L'élection des gouverneurs reportée au 10 avril

Le président Félix Tshisekedi à son arrivée à Widhoek, Namibie, le 26 février 2019. (Facebook/Fatshi News)

L'élection au suffrage indirect des gouverneurs et vice-gouverneurs dans les 26 provinces de la République démocratique du Congo a été reportée du 31 mars au 10 avril, a annoncé vendredi la Commission électorale nationale indépendante (Céni).

Le président de la République Félix Tshisekedi avait sollicité un report "sine die" de ce scrutin après l'élection des sénateurs vendredi dernier, entachée par des accusations de corruption.

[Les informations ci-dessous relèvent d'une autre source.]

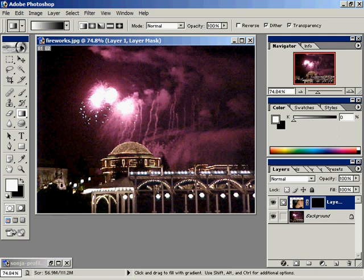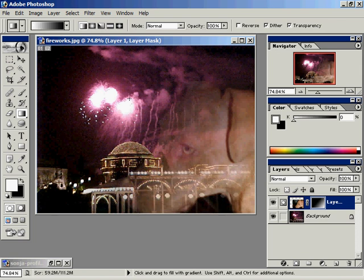Using the Gradient tool I'll go ahead and click and drag from the bottom right hand corner up to the Fireworks. As I release my mouse pointer, let me explain what's happening. I'll go ahead and do that once more — click and drag from the bottom right hand corner to the top of the Fireworks.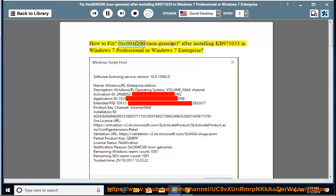How to fix 0xC004F200, non-genuine, after installing KB971033 in Windows 7 Professional or Windows 7 Enterprise.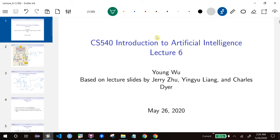This is Lecture 6, Part 1, and we will start something that's completely new again. The topic is called Decision Tree, and let's start with a simple real-life example.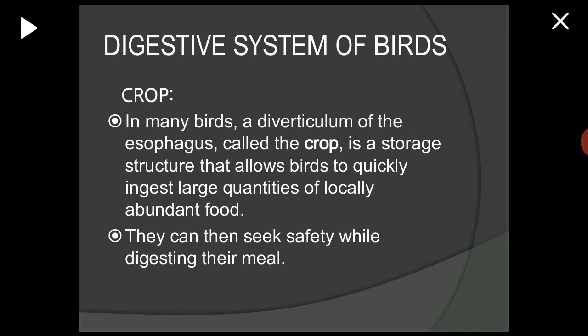The first component of the digestive system is the crop. In many birds, the diverticulum of the esophagus is called the crop, and it is a storage structure that allows birds to quickly ingest large quantities of locally abundant food. They can then seek safety while digesting their meal.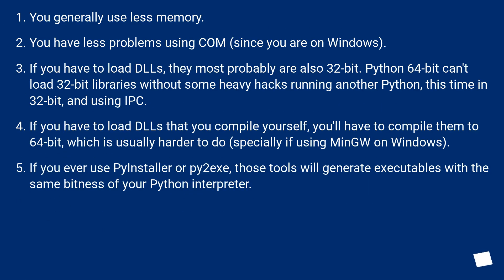You generally use less memory. You have less problems using COM, since you are on Windows.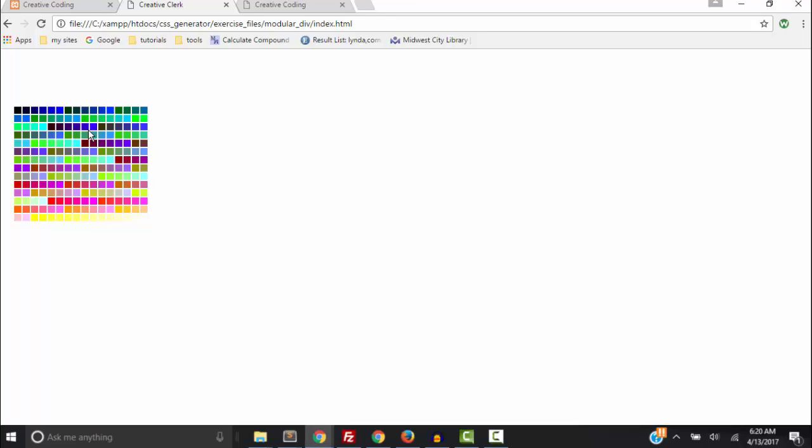So thanks for watching. And in the next video we will create the text element that we will style with our color picker and other HTML elements.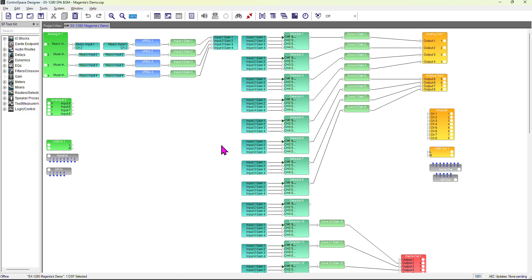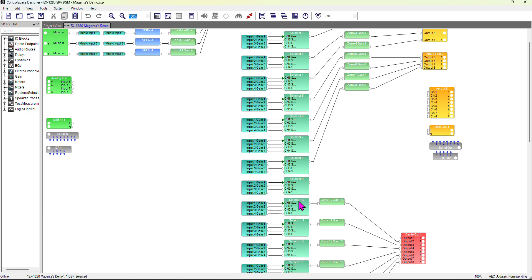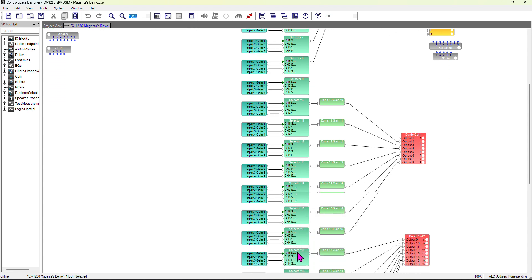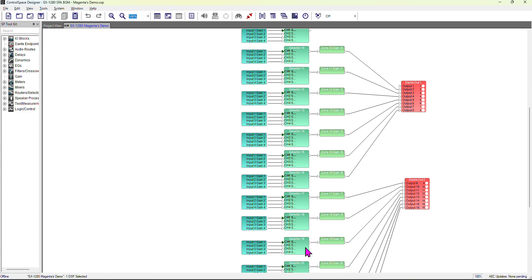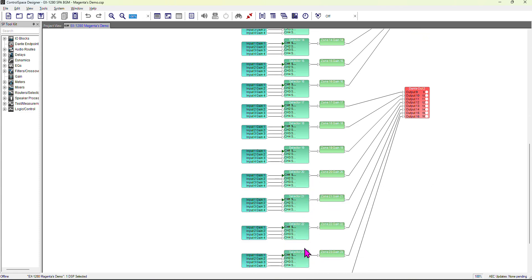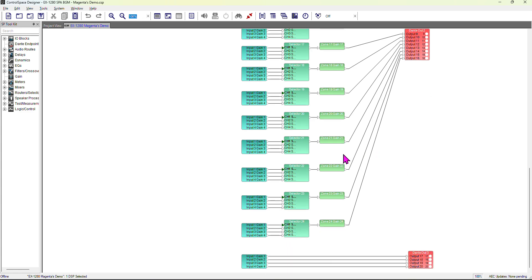In my case, you can see I've used four inputs for music coming from the audio server. I use an audio routing node, then a selector, zone gain, and output. This selector information you can copy and use in the ControlSpace Remote Client application. I use selector 1, 2, 3, 4, and so on - I've gone up to 24 selectors for 24 zones of audio.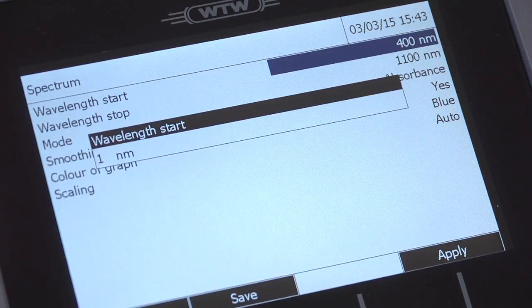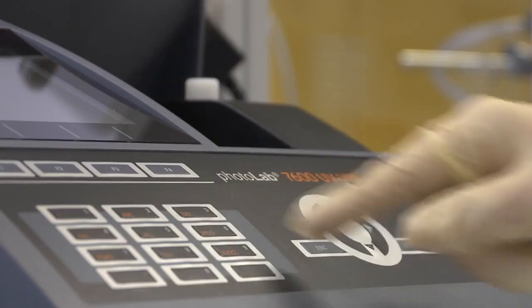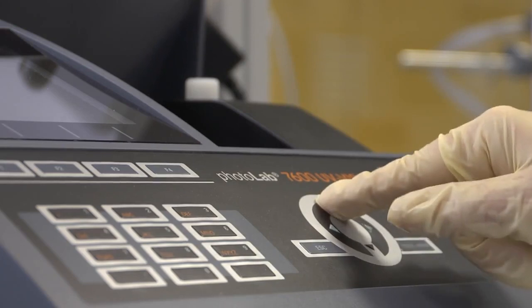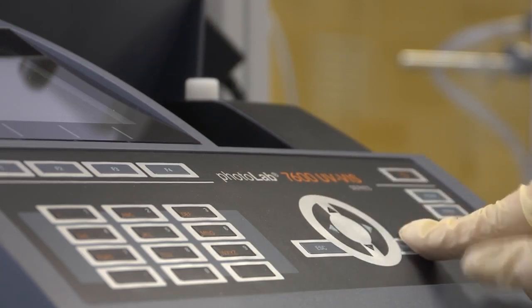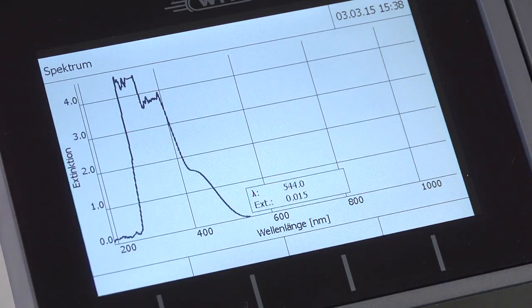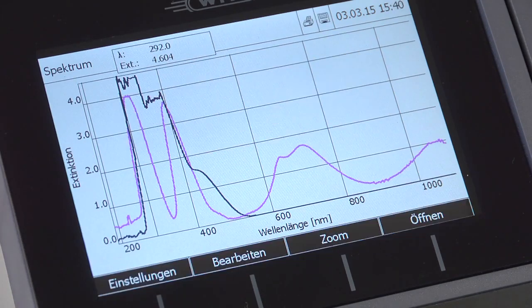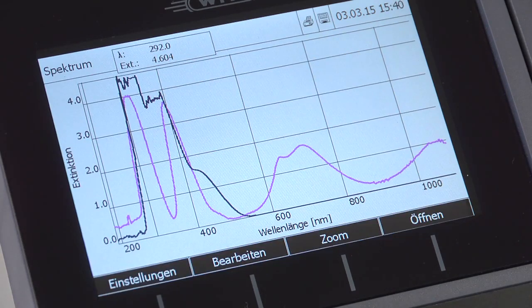We run the spectrum from 190 to 1,100 nanometers and put in these values. We are now going to compare the spectrum with a reference spectrum, and we can see clear discrepancies. A spectrum can therefore be used in quality control of substances, for example to monitor incoming goods.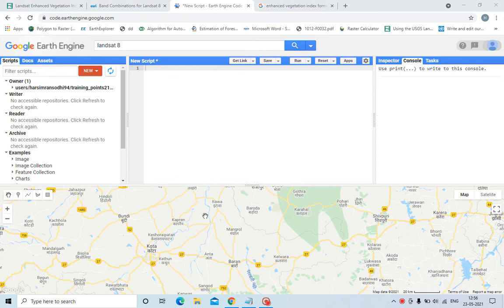Hello everyone, today's video is about how to calculate EVI, that is Enhanced Vegetation Index, and what is Enhanced Vegetation Index and how it is different from NDVI. First of all, I've explained NDVI in my previous videos, how to calculate NDVI using Earth Engine and Earth Map.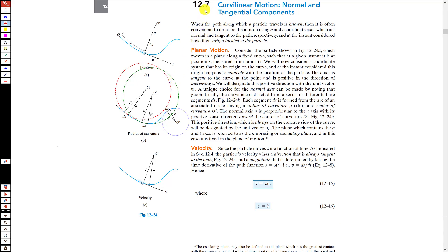In this lecture we are going to discuss curvilinear motion with normal and tangential components. In the previous lesson we considered curvilinear motion using the x and y coordinate system. Now, when a particle is moving in a curvilinear path, it is sometimes convenient to analyze its motion using the normal and tangential components — that is, the normal and tangential axes.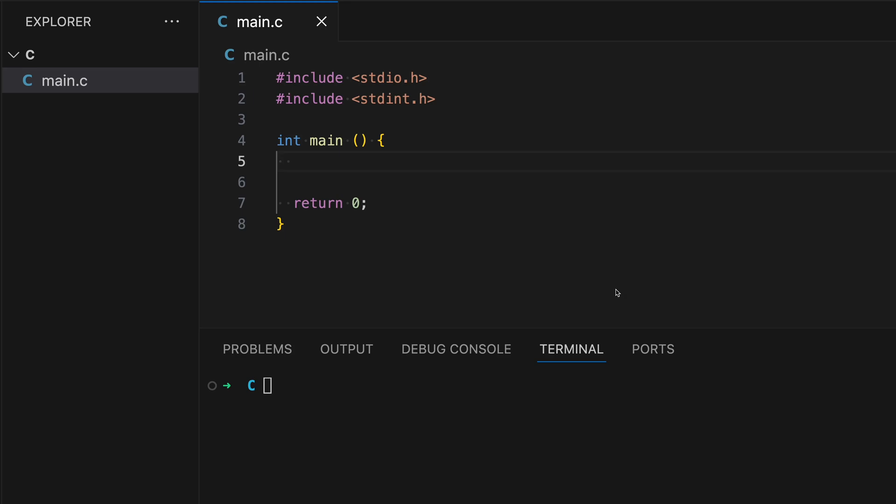Welcome to the fourth C programming tutorial. In this lesson we'll learn about conditional statements using if, else if, and else. Conditional statements allow a program to make decisions based on the data it receives. Let's start with the if statement.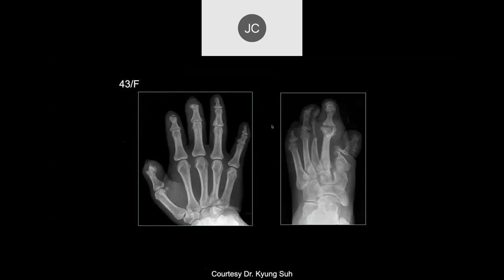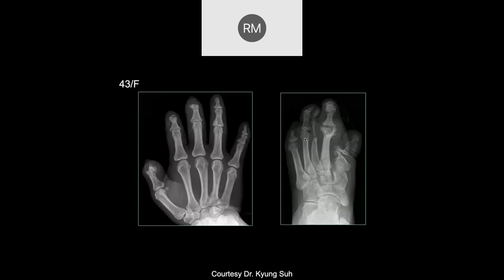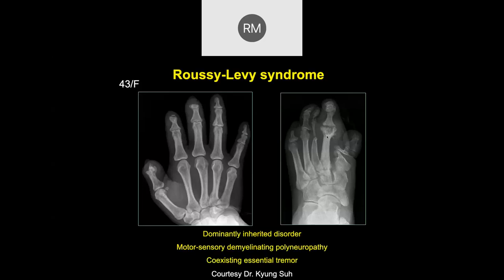43-year-old female with erosive changes of the distal phalanges, first through third, and a lot of abnormality. One could consider burn injury, or infectious diseases — for example, leprosy. But this is Roussi-Levi syndrome, an inherited congenital deformity.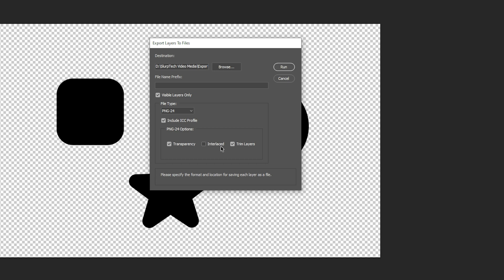Next you can choose to save the images as interlaced. Interlacing affects how the picture will load. Interlaced images start off low quality and slowly load in better quality over time. Whereas non-interlaced images will load the image from top to bottom.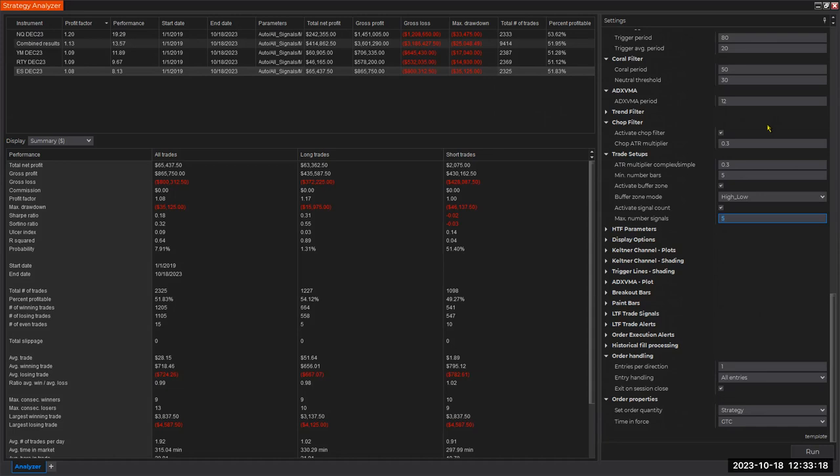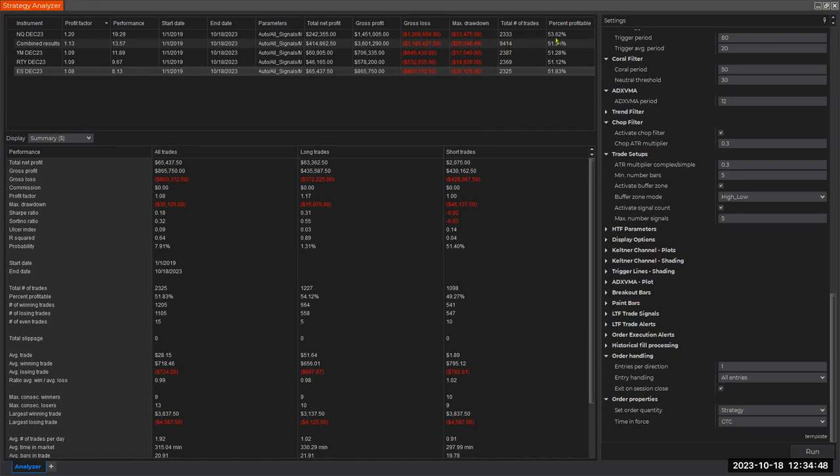We have enough trades - we have 9,400 trades over a four and a half year period. The point is that this is just a starting point. We haven't really done any work yet.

Le nouveau président congolais avait aussi demandé un report de la prise de fonction des sénateurs élus, accusés d'avoir acheté les voix de leurs "grands électeurs", les députés provinciaux dans les 26 provinces.

Les gouverneurs sont également élus par les députés provinciaux dans leur province.

Le président de la République a aussi demandé au parquet de "mener des enquêtes" pour "débusquer" les élus "trempés dans la corruption", "les sénateurs et députés provinciaux, les corrupteurs et les corrompus".

Dans les attendus de sa décision, la Céni ne mentionne pas la "réunion inter-institutionnelle" à l'issue de laquelle le président Tshisekedi avait fait ces annonces par la voix d'un ministre lundi.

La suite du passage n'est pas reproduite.